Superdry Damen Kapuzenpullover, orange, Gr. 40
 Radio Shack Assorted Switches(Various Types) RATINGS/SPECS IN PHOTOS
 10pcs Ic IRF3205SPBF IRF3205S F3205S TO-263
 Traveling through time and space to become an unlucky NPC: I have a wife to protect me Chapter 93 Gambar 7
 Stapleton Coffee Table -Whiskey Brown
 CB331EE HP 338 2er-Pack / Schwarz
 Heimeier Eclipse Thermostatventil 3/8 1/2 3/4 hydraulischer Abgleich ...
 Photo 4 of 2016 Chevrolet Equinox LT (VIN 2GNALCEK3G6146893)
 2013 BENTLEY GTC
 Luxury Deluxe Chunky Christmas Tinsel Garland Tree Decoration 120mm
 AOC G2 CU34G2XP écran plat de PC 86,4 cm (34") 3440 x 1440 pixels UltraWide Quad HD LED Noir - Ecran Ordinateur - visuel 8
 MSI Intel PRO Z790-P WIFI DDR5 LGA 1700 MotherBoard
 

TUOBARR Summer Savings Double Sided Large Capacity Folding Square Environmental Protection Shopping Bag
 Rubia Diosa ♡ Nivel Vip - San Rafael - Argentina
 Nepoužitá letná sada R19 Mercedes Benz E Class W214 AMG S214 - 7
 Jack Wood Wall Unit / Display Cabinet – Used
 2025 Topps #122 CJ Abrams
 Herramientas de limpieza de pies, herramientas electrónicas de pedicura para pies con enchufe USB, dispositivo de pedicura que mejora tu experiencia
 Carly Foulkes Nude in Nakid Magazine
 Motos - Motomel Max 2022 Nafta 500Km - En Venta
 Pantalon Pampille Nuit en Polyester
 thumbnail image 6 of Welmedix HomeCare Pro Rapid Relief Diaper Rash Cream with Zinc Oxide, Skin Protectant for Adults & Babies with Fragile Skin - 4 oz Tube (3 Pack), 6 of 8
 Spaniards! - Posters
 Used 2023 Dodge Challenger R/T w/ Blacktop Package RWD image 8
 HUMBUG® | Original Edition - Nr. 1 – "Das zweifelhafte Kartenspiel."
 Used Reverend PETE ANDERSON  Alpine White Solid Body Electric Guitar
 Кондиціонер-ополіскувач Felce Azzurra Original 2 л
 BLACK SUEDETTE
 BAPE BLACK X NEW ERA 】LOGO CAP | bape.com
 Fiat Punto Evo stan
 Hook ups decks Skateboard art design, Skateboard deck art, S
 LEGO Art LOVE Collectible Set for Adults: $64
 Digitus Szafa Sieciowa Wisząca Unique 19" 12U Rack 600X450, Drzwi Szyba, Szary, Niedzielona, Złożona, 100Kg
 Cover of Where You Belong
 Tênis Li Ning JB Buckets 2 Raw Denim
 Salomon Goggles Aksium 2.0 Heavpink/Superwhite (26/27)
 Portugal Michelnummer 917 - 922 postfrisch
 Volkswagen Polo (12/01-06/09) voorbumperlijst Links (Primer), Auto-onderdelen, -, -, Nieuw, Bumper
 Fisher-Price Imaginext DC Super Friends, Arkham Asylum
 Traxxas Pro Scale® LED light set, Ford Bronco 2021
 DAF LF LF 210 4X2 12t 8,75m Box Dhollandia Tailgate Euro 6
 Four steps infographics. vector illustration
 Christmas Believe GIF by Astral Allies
____________________
DIRECTIONS FOR THIS TASK →
Please write out the records above once more, exactly and completely.

TASK SOLUTION →
Superdry Damen Kapuzenpullover, orange, Gr. 40
 Radio Shack Assorted Switches(Various Types) RATINGS/SPECS IN PHOTOS
 10pcs Ic IRF3205SPBF IRF3205S F3205S TO-263
 Traveling through time and space to become an unlucky NPC: I have a wife to protect me Chapter 93 Gambar 7
 Stapleton Coffee Table -Whiskey Brown
 CB331EE HP 338 2er-Pack / Schwarz
 Heimeier Eclipse Thermostatventil 3/8 1/2 3/4 hydraulischer Abgleich ...
 Photo 4 of 2016 Chevrolet Equinox LT (VIN 2GNALCEK3G6146893)
 2013 BENTLEY GTC
 Luxury Deluxe Chunky Christmas Tinsel Garland Tree Decoration 120mm
 AOC G2 CU34G2XP écran plat de PC 86,4 cm (34") 3440 x 1440 pixels UltraWide Quad HD LED Noir - Ecran Ordinateur - visuel 8
 MSI Intel PRO Z790-P WIFI DDR5 LGA 1700 MotherBoard
 

TUOBARR Summer Savings Double Sided Large Capacity Folding Square Environmental Protection Shopping Bag
 Rubia Diosa ♡ Nivel Vip - San Rafael - Argentina
 Nepoužitá letná sada R19 Mercedes Benz E Class W214 AMG S214 - 7
 Jack Wood Wall Unit / Display Cabinet – Used
 2025 Topps #122 CJ Abrams
 Herramientas de limpieza de pies, herramientas electrónicas de pedicura para pies con enchufe USB, dispositivo de pedicura que mejora tu experiencia
 Carly Foulkes Nude in Nakid Magazine
 Motos - Motomel Max 2022 Nafta 500Km - En Venta
 Pantalon Pampille Nuit en Polyester
 thumbnail image 6 of Welmedix HomeCare Pro Rapid Relief Diaper Rash Cream with Zinc Oxide, Skin Protectant for Adults & Babies with Fragile Skin - 4 oz Tube (3 Pack), 6 of 8
 Spaniards! - Posters
 Used 2023 Dodge Challenger R/T w/ Blacktop Package RWD image 8
 HUMBUG® | Original Edition - Nr. 1 – "Das zweifelhafte Kartenspiel."
 Used Reverend PETE ANDERSON  Alpine White Solid Body Electric Guitar
 Кондиціонер-ополіскувач Felce Azzurra Original 2 л
 BLACK SUEDETTE
 BAPE BLACK X NEW ERA 】LOGO CAP | bape.com
 Fiat Punto Evo stan
 Hook ups decks Skateboard art design, Skateboard deck art, S
 LEGO Art LOVE Collectible Set for Adults: $64
 Digitus Szafa Sieciowa Wisząca Unique 19" 12U Rack 600X450, Drzwi Szyba, Szary, Niedzielona, Złożona, 100Kg
 Cover of Where You Belong
 Tênis Li Ning JB Buckets 2 Raw Denim
 Salomon Goggles Aksium 2.0 Heavpink/Superwhite (26/27)
 Portugal Michelnummer 917 - 922 postfrisch
 Volkswagen Polo (12/01-06/09) voorbumperlijst Links (Primer), Auto-onderdelen, -, -, Nieuw, Bumper
 Fisher-Price Imaginext DC Super Friends, Arkham Asylum
 Traxxas Pro Scale® LED light set, Ford Bronco 2021
 DAF LF LF 210 4X2 12t 8,75m Box Dhollandia Tailgate Euro 6
 Four steps infographics. vector illustration
 Christmas Believe GIF by Astral Allies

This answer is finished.